THE PLANT - The caper (Capparis spinosa L.) is a shrub typical of the Mediterranean vegetation growing on old walls, in rock cracks and in stone piles, especially in sea places; it is composed of a basal and woody trunk and herbaceous branches in the superior part. Its height goes from 30 to 50 cm; leaves are dark-green, fleshy and oval shaped, while white-pink flowers with purplish shimmer are very eye-catching and perfumed and have a diameter of 5 cm and many purple stamen in the central part. The fruit is a berry filled with a lot of black seeds. The flowering of the caper plant is between the end of May and the beginning of September, when the picking of buds – not bloomed flowers - takes place; buds must be picked as soon as they bud: they are small, hard and very flavoured. Farmers go back to the same plants every 8-10 days, according to the weather and their work is very hard both because they have to bent down and because of the suffocating summer climate.

PROPERTIES – Capers contains more quercetin per weight than any other plant. Root cortex is used in herbal medicine. It has diuretic and blood vessel protective properties; it can also be used to treat gout, haemorrhoids and varicose veins. A caper roots and shoot infusion was used in popular medicine to relieve from rheumatisms. Recently, dried caper fruit extracts (especially if associated with Olea europa, Glycyrrhiza glabra and ribes nigrum) have been proved to be a skin antioxidant, antiphlogistic and valid in allergic dermatopathologies.
Capers contain mineral salts (potassium, calcium, sodium, iron, magnesium, phosphorus), and vitamins B1, B2; PP, C.

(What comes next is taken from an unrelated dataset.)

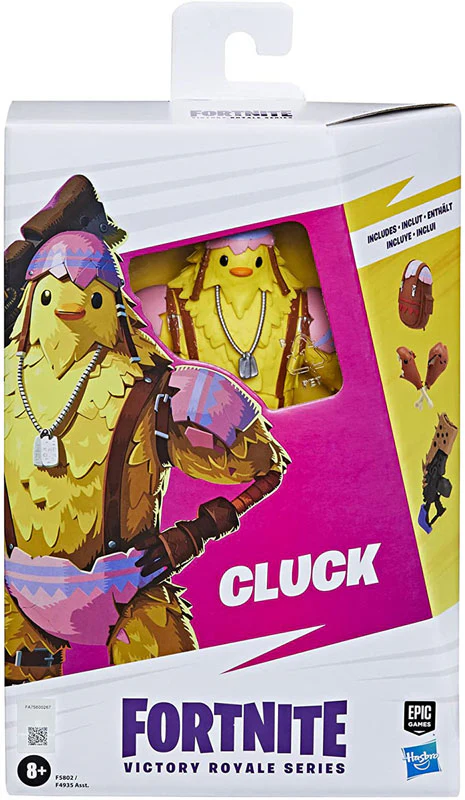 Fortnite - Hasbro Action Figure: 6 Inch / Victory Royale - Series 3.0 - Cluck - Image 3
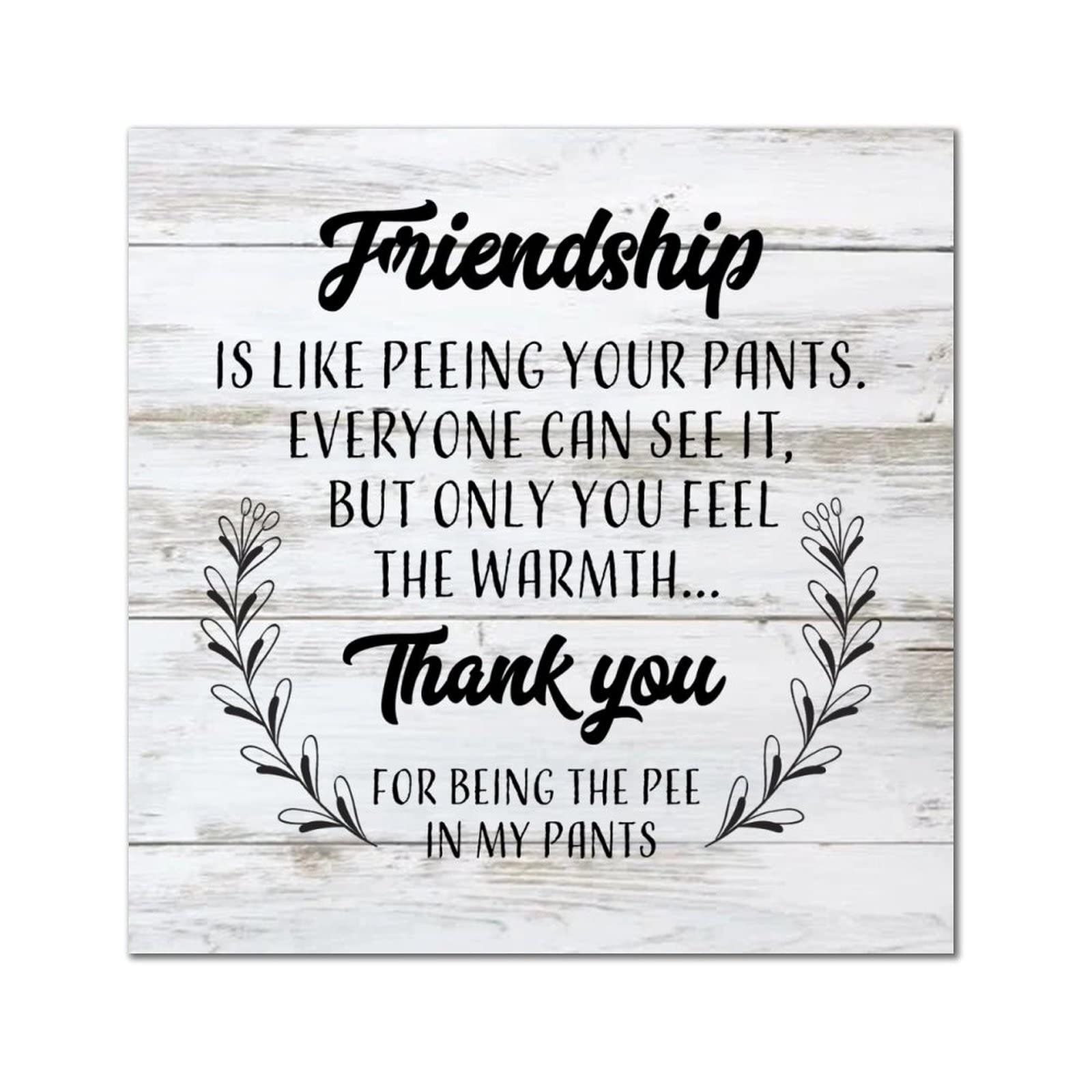Plaque murale en bois déco rustique pour casser la monotonie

Nutritional values for 100 gr of product:
- Calories: 23;
- Water: 83,85;
- Proteins: 2,36;
- Fats: 0.86;
- Carbohydrates: 4,89;
- Fibres: 2,3;

CULINARY USE – Capers are preserved with salt, in vinegar and in brine to be used in many ways to prepare pasta, main course, sauces and seasonings. Capers are very easy to use: you just have to take the required quantity and wash them with water, eliminating preserving salt or, if you like them less salty, you leave them in a brawl with water for one hour and then they are ready to be used. If you buy capers in plastic bags, you just need to transfer them in a glass pot with a cap in order not to lose humidity. Pantelleria capers are able to last different years if well preserved, maintaining their excellent organoleptic characteristics. Aromatic properties are contained in flower buds, generally called capers. Capers, which are used in gastronomy from millenniums, are still picked closed and preserved with salt or in vinegar, and are used to aromatize dishes and fit very well with a great variety of food: meat, fish, and pasta. The fruit, with a taste similar to capers but more delicate is called “cucuncio” or “cocuncio” or “capperone” (big caper) and it is preserved with salt, in vinegar or in brine and, traditionally, it is used in Aeolian isles recipes to season fish courses. People from Aeolian isles use to desalinate “cucnci” and capers and eat them as any other vegetable, usually in salads. Also young leaves can be used in salads if previously cooked in hot boiling water for few minutes. People from Pantelleria isle have a funny way to favour the cultivation of capers: using a blowgun, they “shoot” caper seeds in well exposed wall cracks or on roofs.